Database Indexing (EN)

Things every developer absolutely, positively needs to know about database indexing - Kai Sassnowski

What is an index?

Index is an ordered representation of the indexed data. Why is an order so important? we are searching our data for the subset of the data. And searching through an ordered data is lot more efficient than searching through an unordered list. i.e. Think of binary search.

Why indexing?

It improves query performance. And is in fact one of the most common causes poor application performance.

Think of a phone book has an indexing based on last name. The phone book is ordered for exactly this type of search query.

I.e. If I give you first name, you will have to search through the whole book → bad performance.

How does indexing work?
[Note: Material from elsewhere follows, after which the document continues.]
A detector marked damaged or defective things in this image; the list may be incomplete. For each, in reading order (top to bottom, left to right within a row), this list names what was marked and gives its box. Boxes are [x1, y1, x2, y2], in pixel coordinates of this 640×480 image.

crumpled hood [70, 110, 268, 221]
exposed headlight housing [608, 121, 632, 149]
B-Tree

/assets/images/2020-05-21-Database-Indexing/Untitled.png

The leaf nodes are all at the same level such that it guarantees the same number of steps to find every value in the tree.
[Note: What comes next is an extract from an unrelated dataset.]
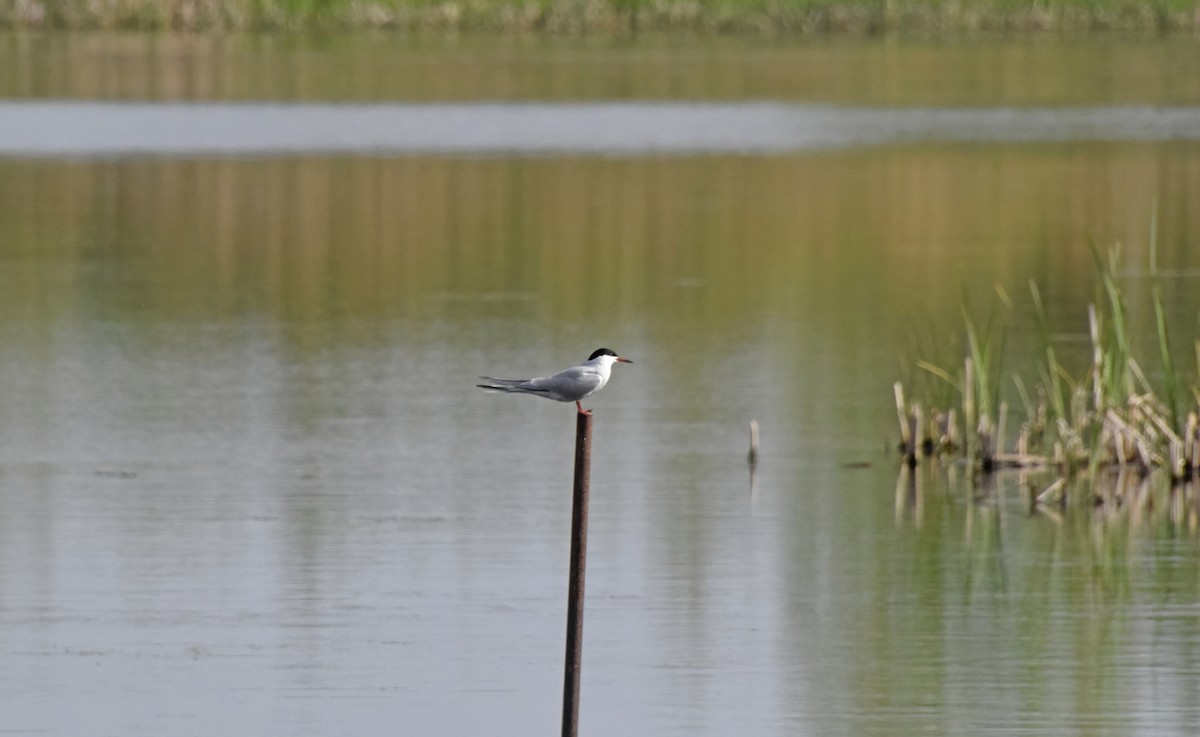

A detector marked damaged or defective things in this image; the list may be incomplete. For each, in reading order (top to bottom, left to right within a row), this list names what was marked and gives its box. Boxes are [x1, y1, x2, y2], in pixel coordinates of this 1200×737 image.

The leaves also form a doubly-linked list. Why is this important?

Turns out that we spend a lot of times down in the leaf nodes scanning through them. Without the doubly linked list, every time we arrive end of the one leaf node we would need to (1) go back up the tree and (2) find the leaf node, (3) start scanning and so on. That is not very efficient.

Having doubly linked list means that we could simply scan sequentially without having to go back up the tree again.
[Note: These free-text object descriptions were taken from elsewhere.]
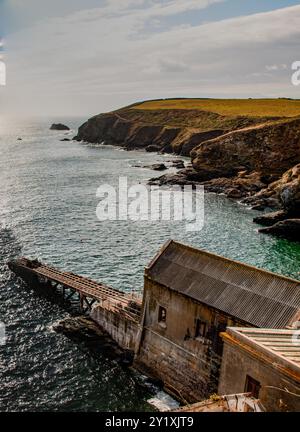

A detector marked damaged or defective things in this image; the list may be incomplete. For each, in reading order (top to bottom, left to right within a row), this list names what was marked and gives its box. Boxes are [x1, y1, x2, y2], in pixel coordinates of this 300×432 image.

rusty roof [146, 240, 300, 328]
rusty roof [224, 330, 300, 376]
broken window [245, 374, 262, 398]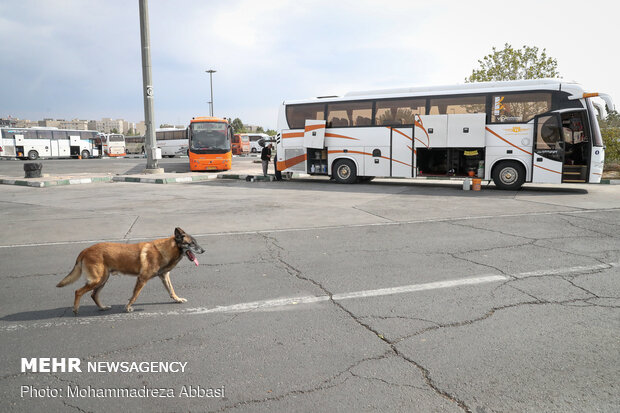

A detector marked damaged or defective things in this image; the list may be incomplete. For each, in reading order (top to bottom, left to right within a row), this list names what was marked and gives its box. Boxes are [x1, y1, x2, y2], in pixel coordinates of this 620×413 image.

cracked asphalt [0, 177, 616, 412]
So what data is stored on these index?

Simple example. Let us say we put index in the name column:

/assets/images/2020-05-21-Database-Indexing/Untitled%201.png

We would have this as our index:

/assets/images/2020-05-21-Database-Indexing/Untitled%202.png

Notice that we do not have EMPLOYEE_ID is not on this index. It only contains the value of the index you put index on.

While this sounds obvious, so many developers get it wrong!

“Well, it’s like a copy of your database table, ordered by different columns” This is incorrect!

This has consequences and we will see why it is important to know what data is actually stored on the index.

How do I get back to the table if I want to know EMPLOYEE_ID of taylor?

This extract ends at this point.